--- DATA IN THIS EXERCISE Enclosed Below ---

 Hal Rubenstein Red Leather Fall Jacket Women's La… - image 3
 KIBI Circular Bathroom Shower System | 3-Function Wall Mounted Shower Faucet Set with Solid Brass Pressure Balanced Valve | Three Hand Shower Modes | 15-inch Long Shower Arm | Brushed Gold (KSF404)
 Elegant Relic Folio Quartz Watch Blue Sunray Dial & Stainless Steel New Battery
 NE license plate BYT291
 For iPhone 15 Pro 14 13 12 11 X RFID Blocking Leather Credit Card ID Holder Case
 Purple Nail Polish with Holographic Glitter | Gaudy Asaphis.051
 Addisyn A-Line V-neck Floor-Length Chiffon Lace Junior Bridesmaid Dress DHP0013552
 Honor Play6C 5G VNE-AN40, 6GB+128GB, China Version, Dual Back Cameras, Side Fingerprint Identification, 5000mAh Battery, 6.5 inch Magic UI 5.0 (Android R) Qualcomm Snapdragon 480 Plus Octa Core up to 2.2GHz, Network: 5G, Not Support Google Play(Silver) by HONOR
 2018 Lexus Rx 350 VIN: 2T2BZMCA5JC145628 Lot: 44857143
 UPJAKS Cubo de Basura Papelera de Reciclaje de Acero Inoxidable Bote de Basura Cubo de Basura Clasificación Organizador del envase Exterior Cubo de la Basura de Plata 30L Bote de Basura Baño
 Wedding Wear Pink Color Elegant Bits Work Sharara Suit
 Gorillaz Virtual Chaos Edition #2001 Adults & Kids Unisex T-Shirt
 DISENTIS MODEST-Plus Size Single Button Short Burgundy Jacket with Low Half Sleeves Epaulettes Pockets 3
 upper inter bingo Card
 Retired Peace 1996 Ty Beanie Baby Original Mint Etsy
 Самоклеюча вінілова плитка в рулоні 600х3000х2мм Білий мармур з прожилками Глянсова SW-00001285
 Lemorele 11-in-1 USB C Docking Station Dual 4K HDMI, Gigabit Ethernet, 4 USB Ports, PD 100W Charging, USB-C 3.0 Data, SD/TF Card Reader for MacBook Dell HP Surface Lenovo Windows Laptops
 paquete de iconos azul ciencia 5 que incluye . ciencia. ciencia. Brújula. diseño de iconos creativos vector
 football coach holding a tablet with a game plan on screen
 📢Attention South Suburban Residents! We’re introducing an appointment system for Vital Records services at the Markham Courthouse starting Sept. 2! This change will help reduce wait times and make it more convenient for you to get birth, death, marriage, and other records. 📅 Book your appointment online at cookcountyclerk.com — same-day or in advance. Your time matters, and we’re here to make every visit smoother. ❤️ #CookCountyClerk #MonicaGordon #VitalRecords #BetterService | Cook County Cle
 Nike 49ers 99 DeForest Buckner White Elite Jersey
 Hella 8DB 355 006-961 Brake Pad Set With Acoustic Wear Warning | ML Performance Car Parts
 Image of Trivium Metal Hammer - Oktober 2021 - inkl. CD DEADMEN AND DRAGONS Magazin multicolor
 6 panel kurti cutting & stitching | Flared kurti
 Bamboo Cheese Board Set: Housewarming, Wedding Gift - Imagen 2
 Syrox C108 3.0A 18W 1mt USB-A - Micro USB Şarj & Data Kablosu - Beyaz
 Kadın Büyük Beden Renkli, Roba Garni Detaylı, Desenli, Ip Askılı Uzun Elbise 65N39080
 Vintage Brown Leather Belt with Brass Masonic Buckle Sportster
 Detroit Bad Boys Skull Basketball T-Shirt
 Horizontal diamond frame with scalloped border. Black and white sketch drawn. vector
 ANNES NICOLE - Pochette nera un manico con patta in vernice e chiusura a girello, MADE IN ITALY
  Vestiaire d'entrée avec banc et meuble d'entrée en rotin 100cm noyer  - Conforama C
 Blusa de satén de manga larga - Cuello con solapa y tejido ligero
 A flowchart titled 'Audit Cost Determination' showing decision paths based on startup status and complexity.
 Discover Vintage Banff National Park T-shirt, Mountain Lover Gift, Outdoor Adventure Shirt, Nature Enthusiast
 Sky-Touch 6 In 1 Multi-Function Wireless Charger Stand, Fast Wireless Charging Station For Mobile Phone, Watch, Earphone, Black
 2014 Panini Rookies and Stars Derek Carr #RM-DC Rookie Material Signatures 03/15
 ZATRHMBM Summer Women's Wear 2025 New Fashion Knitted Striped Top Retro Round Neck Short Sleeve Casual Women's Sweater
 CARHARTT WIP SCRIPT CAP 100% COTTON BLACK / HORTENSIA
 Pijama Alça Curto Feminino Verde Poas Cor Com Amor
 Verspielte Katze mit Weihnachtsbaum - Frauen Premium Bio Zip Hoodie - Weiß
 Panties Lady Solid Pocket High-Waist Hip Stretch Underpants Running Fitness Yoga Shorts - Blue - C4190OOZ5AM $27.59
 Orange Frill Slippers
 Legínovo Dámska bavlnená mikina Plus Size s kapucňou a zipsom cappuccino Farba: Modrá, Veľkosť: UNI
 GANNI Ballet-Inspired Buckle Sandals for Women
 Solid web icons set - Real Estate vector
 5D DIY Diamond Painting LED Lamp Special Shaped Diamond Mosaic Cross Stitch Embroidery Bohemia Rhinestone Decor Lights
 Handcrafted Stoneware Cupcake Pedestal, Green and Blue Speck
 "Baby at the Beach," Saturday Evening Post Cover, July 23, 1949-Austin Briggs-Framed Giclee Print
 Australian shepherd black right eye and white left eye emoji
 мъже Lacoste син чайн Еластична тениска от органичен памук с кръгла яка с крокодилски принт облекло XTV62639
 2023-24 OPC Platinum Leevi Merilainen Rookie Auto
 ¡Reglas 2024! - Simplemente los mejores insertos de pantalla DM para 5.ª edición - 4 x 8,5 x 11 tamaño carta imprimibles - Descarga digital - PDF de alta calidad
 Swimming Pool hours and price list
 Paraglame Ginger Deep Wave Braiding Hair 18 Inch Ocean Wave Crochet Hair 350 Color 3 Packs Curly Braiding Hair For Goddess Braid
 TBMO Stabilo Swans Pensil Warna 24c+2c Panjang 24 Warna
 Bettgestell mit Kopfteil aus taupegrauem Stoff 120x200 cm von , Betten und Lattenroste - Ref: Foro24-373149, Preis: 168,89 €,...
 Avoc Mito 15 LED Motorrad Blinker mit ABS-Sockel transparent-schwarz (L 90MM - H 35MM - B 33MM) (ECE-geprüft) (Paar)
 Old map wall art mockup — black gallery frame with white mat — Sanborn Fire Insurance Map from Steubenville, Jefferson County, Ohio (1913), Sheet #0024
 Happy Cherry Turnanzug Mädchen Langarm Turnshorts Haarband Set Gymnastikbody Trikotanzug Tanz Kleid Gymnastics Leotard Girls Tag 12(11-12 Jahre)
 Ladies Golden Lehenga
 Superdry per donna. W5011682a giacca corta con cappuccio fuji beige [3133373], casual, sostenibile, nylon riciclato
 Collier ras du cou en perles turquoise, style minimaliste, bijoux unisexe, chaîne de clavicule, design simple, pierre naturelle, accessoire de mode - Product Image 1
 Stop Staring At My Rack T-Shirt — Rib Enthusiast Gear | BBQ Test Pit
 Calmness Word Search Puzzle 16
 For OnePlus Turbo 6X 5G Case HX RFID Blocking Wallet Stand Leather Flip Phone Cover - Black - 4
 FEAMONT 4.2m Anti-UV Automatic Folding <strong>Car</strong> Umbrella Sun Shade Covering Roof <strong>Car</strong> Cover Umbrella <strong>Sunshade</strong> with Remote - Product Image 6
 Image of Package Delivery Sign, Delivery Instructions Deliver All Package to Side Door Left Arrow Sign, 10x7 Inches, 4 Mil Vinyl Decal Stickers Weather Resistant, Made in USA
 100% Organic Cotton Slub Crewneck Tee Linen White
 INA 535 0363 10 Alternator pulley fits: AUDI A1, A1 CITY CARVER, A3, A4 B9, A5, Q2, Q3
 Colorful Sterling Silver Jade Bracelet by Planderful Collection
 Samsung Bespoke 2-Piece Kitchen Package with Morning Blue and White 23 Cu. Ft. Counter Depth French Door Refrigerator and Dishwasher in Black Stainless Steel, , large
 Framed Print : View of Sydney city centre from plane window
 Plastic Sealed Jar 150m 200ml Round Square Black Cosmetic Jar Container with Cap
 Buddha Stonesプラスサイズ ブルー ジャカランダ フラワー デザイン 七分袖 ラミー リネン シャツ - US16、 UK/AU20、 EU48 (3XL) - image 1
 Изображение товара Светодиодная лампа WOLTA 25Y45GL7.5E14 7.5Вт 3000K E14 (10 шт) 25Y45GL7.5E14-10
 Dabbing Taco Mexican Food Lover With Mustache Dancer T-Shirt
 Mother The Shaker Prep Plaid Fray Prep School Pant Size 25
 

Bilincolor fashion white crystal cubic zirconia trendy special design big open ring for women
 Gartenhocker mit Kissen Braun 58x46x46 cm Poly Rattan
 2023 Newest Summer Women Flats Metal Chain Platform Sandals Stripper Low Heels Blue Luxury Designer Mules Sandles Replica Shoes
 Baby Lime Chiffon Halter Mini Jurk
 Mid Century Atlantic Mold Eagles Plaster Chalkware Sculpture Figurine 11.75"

--- End of Enclosed DATA IN THIS EXERCISE ---

● TASK DETAILS: Out of the preceding entries, pull every line containing the string "Battery".

● REPLY TO THE TASK:
 Elegant Relic Folio Quartz Watch Blue Sunray Dial & Stainless Steel New Battery
 Honor Play6C 5G VNE-AN40, 6GB+128GB, China Version, Dual Back Cameras, Side Fingerprint Identification, 5000mAh Battery, 6.5 inch Magic UI 5.0 (Android R) Qualcomm Snapdragon 480 Plus Octa Core up to 2.2GHz, Network: 5G, Not Support Google Play(Silver) by HONOR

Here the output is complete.